[Stored dataset items]
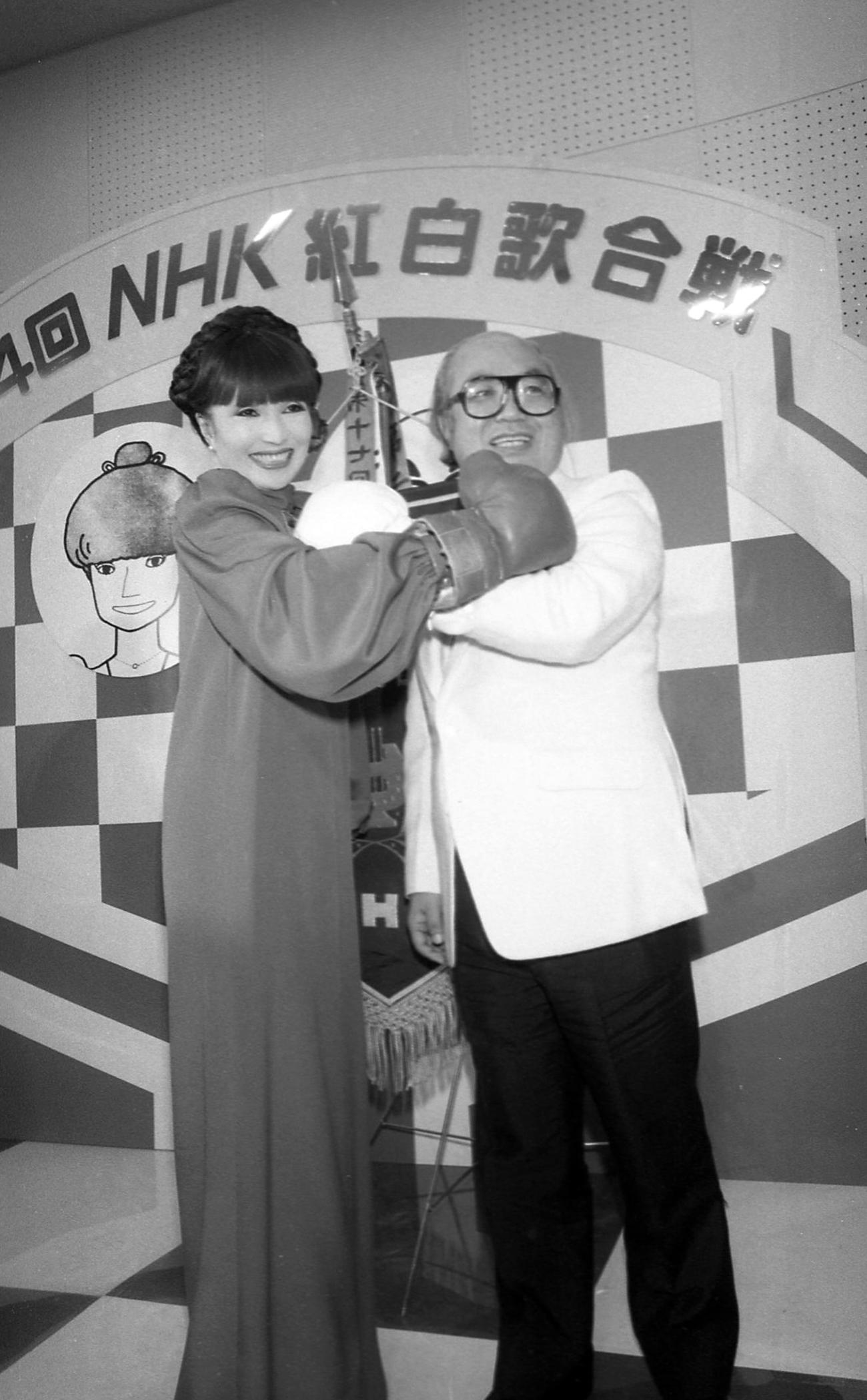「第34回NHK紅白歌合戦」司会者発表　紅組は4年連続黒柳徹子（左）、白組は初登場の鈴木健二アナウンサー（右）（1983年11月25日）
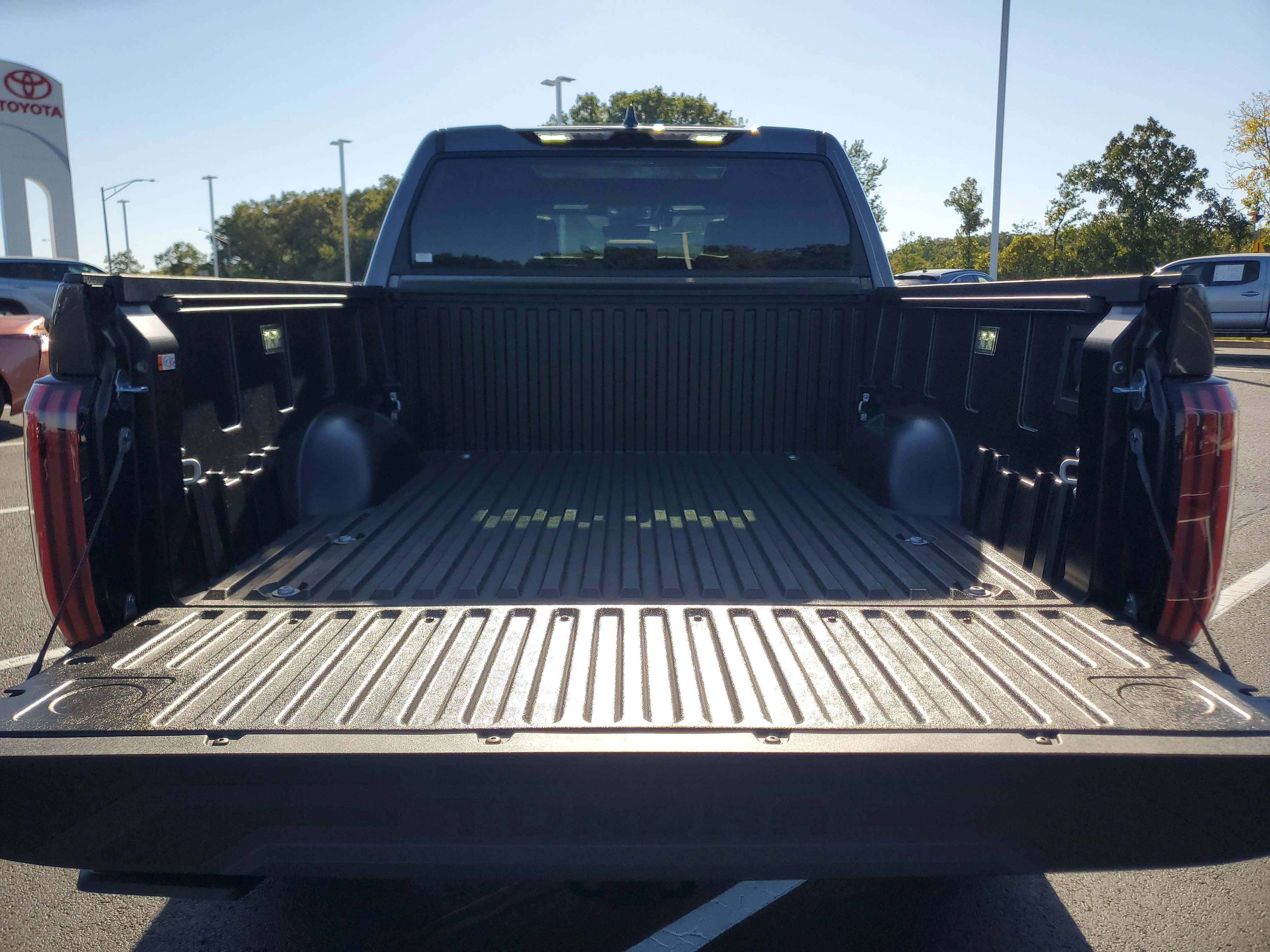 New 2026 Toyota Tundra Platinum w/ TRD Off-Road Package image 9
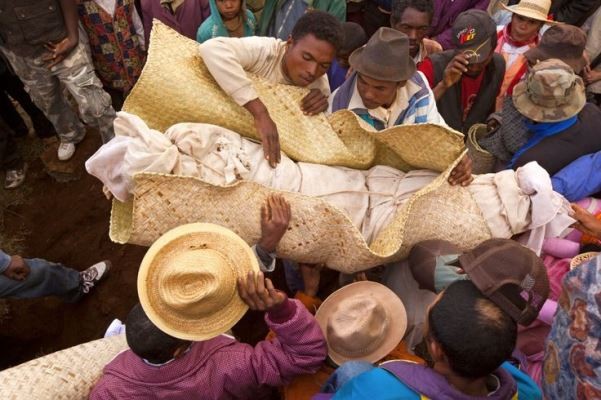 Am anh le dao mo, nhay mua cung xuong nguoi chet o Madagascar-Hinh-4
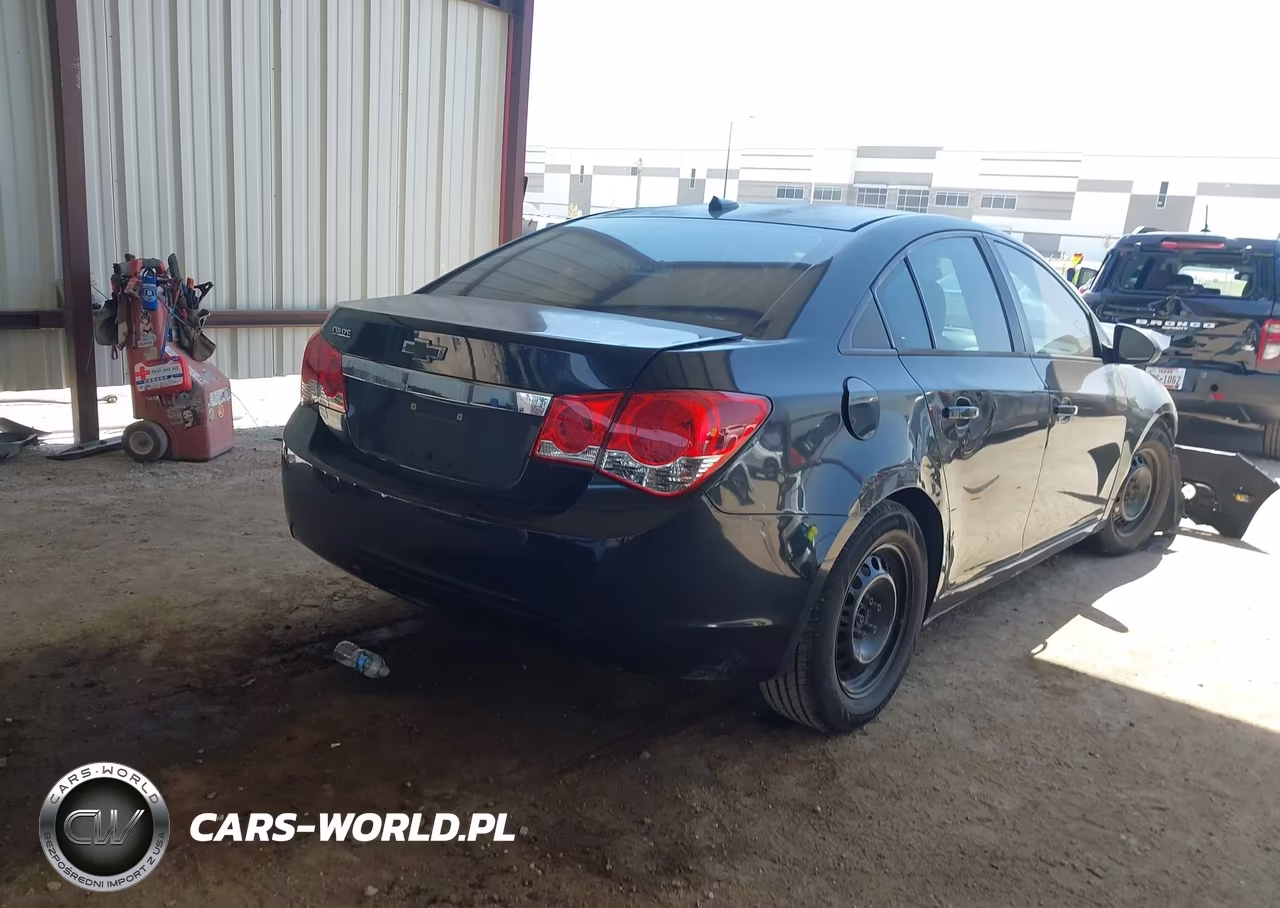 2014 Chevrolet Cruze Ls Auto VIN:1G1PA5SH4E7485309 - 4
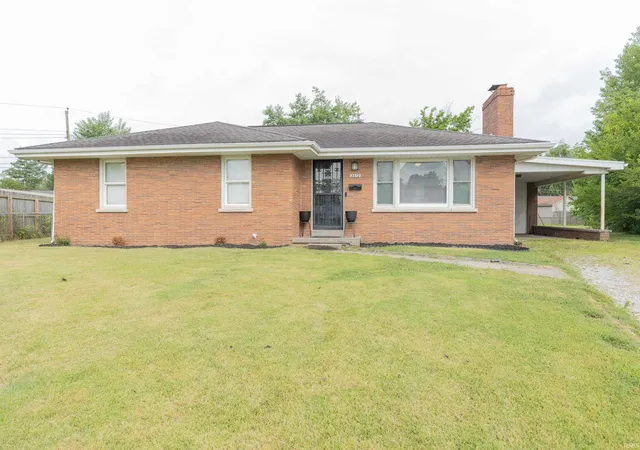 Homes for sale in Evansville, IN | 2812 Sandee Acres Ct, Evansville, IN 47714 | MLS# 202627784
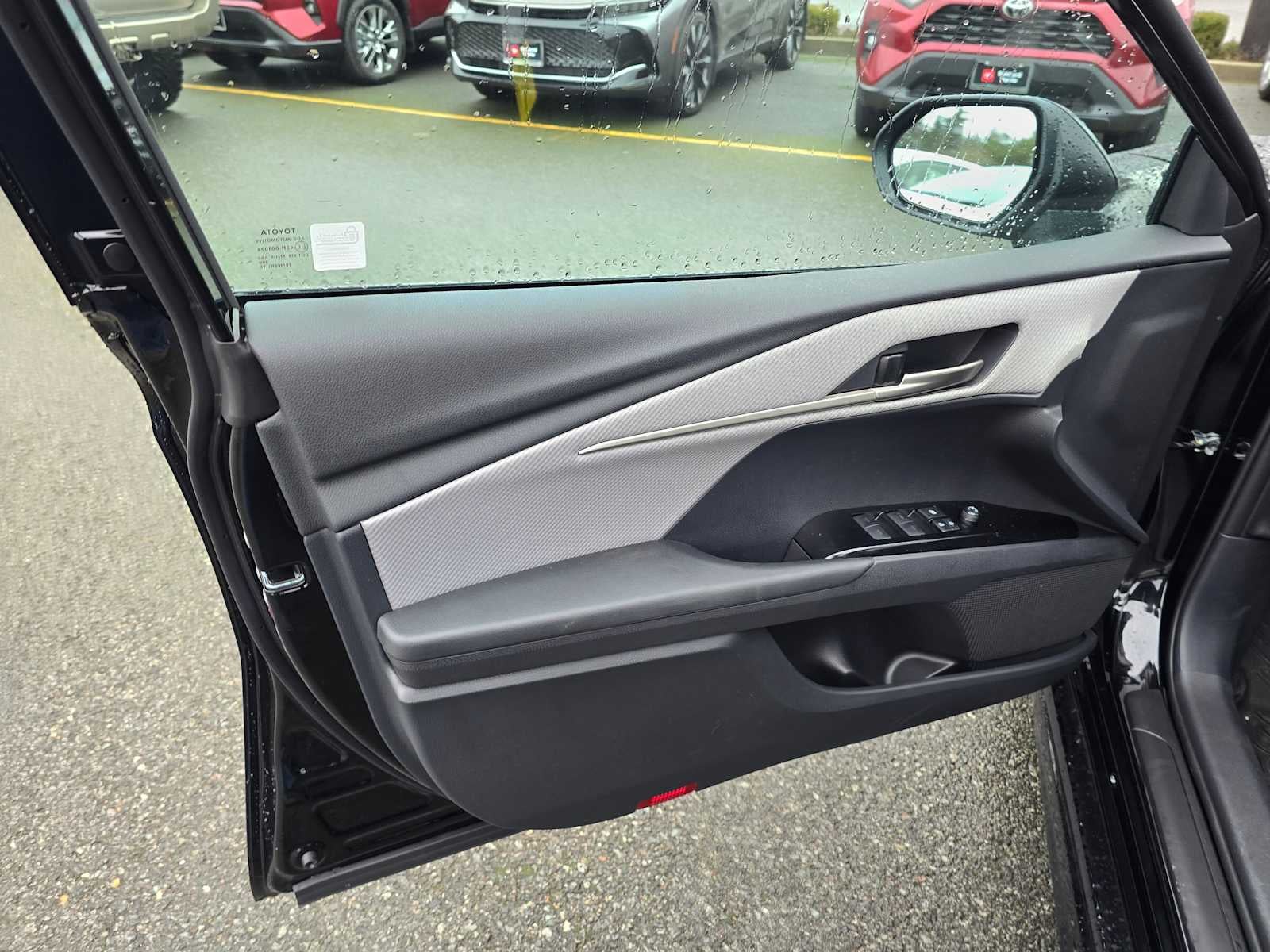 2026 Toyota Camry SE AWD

- Work order -
Beginning with the line that contains "2014 Chevrolet Cruze", write out every line through the last one in the records, exactly and without pictures.

- Written answer -
 2014 Chevrolet Cruze Ls Auto VIN:1G1PA5SH4E7485309 - 4
 Homes for sale in Evansville, IN | 2812 Sandee Acres Ct, Evansville, IN 47714 | MLS# 202627784
 2026 Toyota Camry SE AWD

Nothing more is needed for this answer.